■ Records for this task

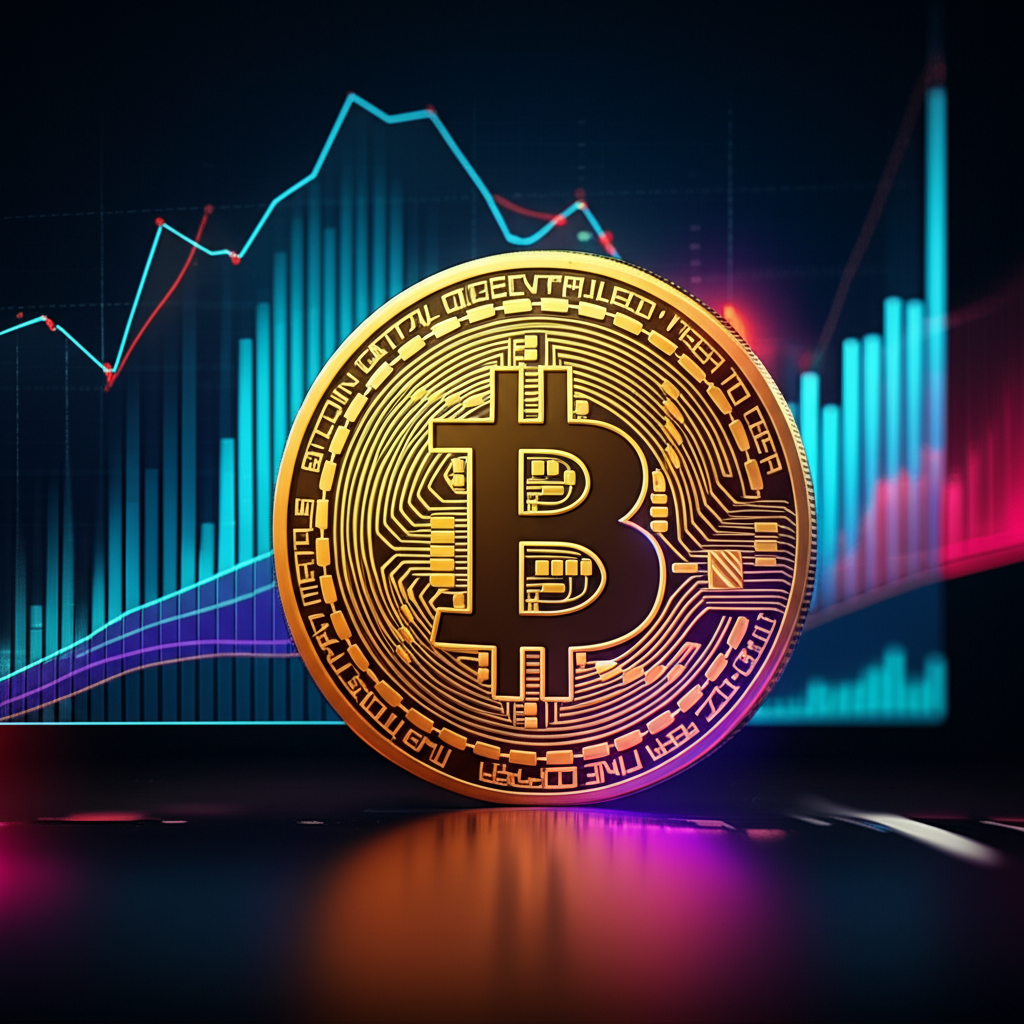 Comprehensive Unlocking Growth with Bitcoin For SMEs With Low Fees Like a Pro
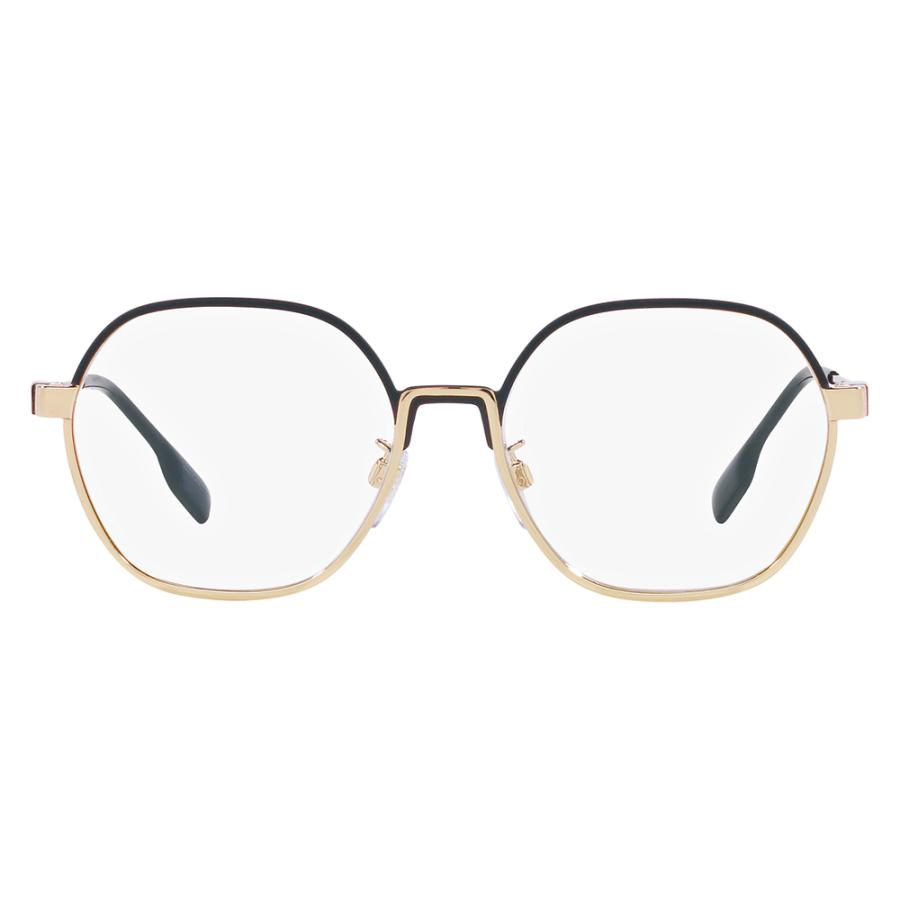 BURBERRY バーバリー メガネ BE1379D 1109 55 WINSTON ウィンストン  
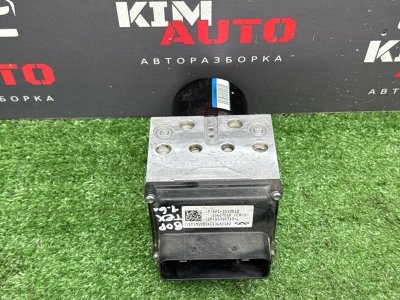 Блок ABS Vortex Estina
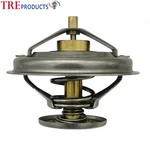 Engine Coolant Thermostat TM1067082J 180 F /. Fixed Price $15.04.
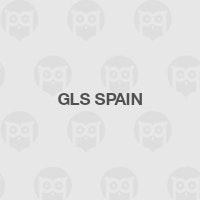 GLS Spain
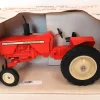 1/16 Limited Edition Allis Chalmers 170, 1991 Summer Toy Festival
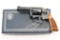 Smith & Wesson Model 36-1 .38 Spl.
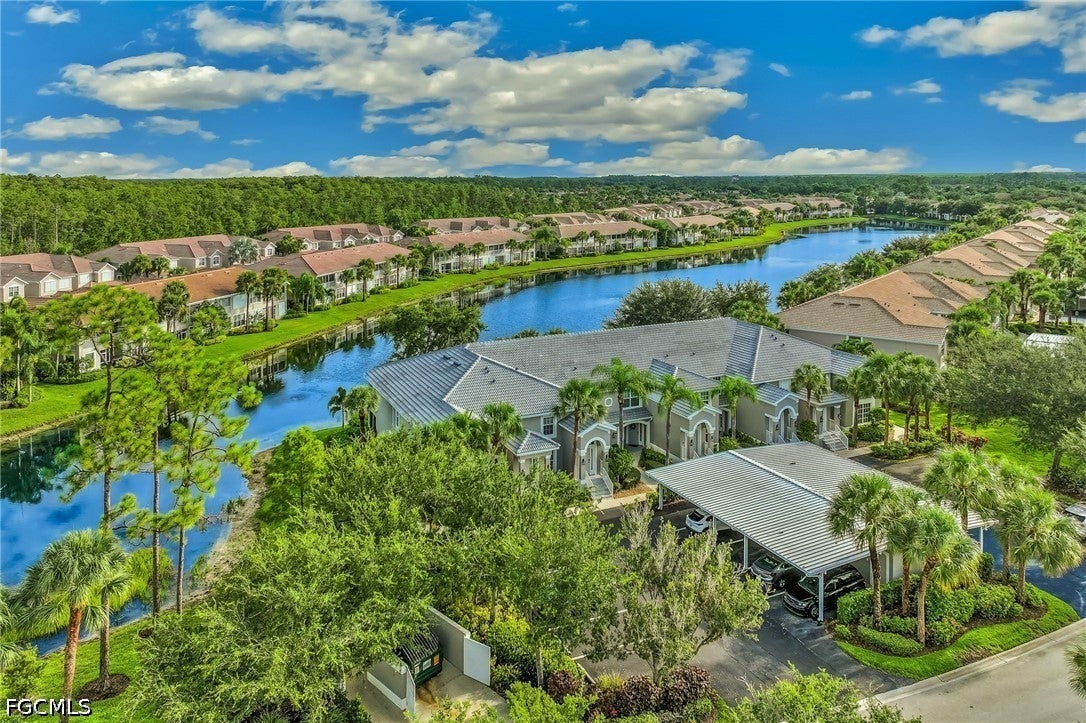 10134 COLONIAL COUNTRY CLUB Boulevard 904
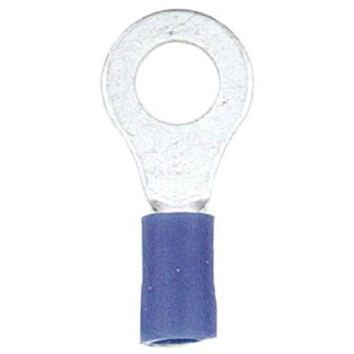 213115 : TERMINAL, SOLDERLESS - motofork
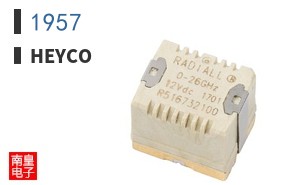 1957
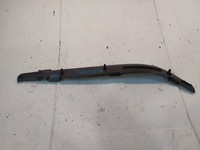 фото thumb №10, Шумоізоляція крила праве vw volkswagen id.4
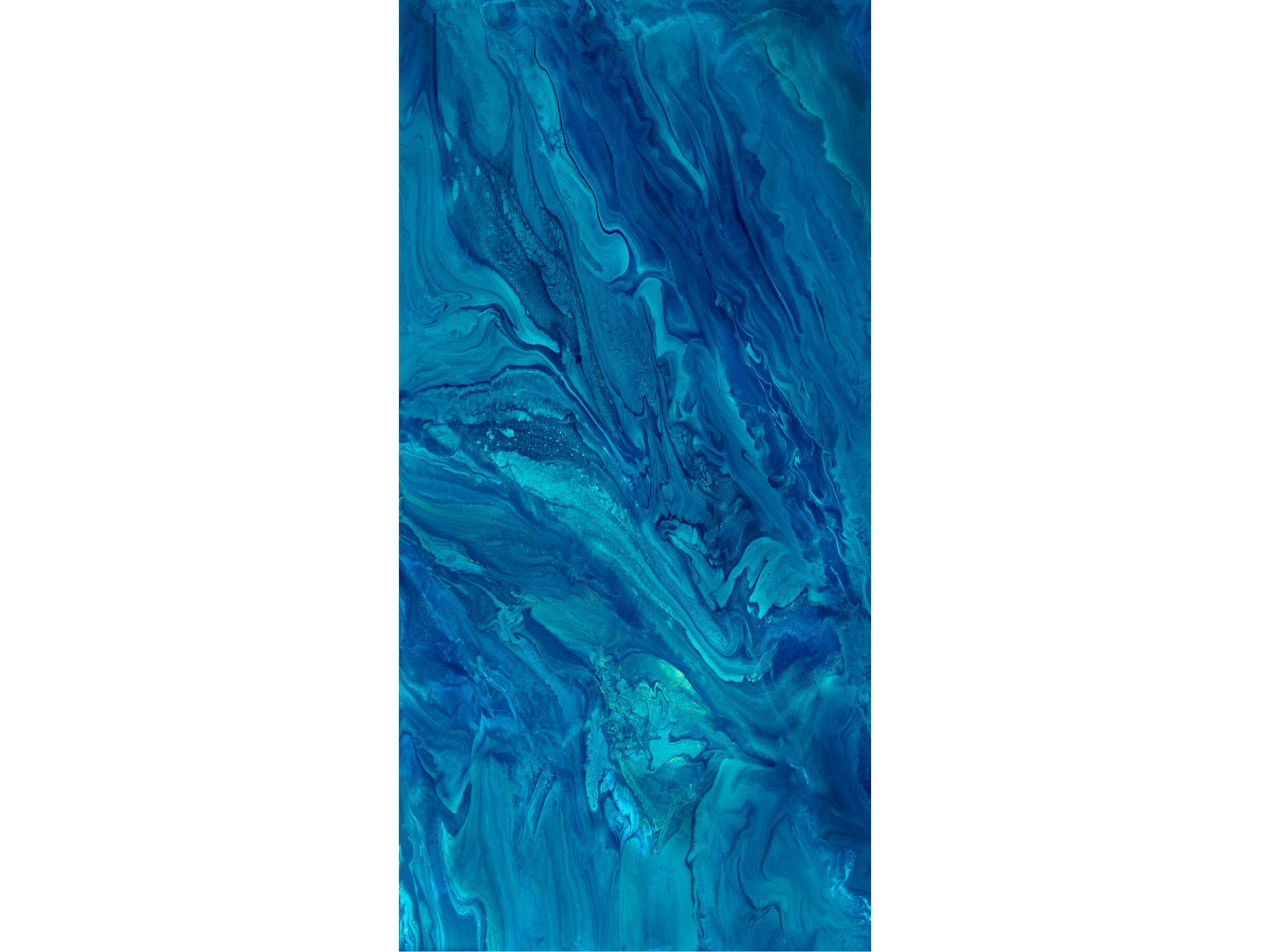 Декоративная стеклянная панель MILLE997 стекло и оргстекло ARCH-00026714 - Вид №1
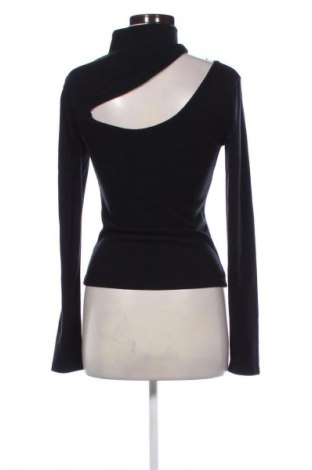 Damen Shirt 4th & Reckless, Größe M, Farbe Schwarz, Preis € 46,65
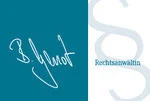 B. Genot Rechtsanwältin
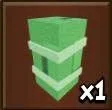Bamboo Seed (Rare) — Account account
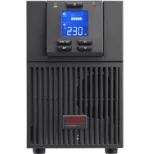Onduleur On-line APC Easy UPS SRV SRV2KI - 1600 W / 2000 VA - 4 prises C13 – Image 4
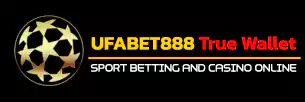ufa888 แทงบอลวันนี้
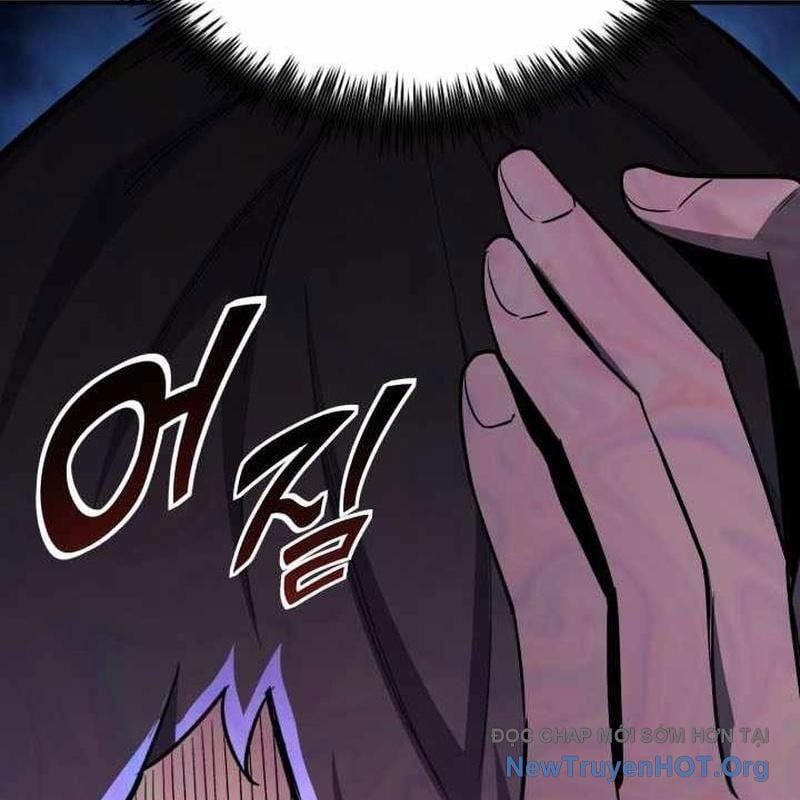 Bản Chất Của Chuyển Sinh Chapter 145 - 107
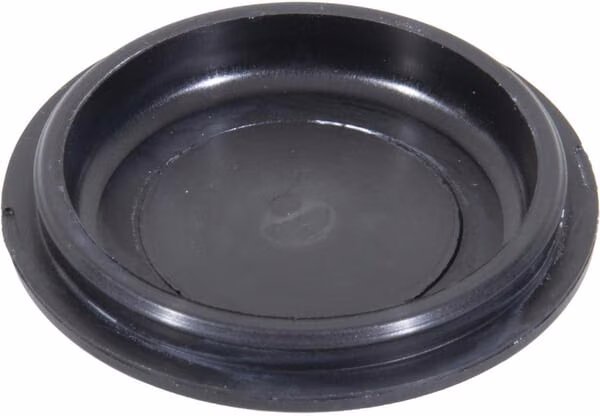 Ковпачок 70(60)x12,7mm CI140926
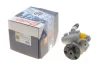 Насос ГПК BMW 3 (E90)/X1 (E84) 04-15 N20/N52/N53 SOLGY Solgy 207102 (фото 2)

■ What is needed
Transcribe, word for word, the lines of the listing above from the one that contains "10134 COLONIAL COUNTRY CLUB Boulevard 904" through the one that contains "Damen Shirt 4th", keeping both ends and dropping the pictures.

■ Result of the exercise
 10134 COLONIAL COUNTRY CLUB Boulevard 904
 213115 : TERMINAL, SOLDERLESS - motofork
 1957
 фото thumb №10, Шумоізоляція крила праве vw volkswagen id.4
 Декоративная стеклянная панель MILLE997 стекло и оргстекло ARCH-00026714 - Вид №1
 Damen Shirt 4th & Reckless, Größe M, Farbe Schwarz, Preis € 46,65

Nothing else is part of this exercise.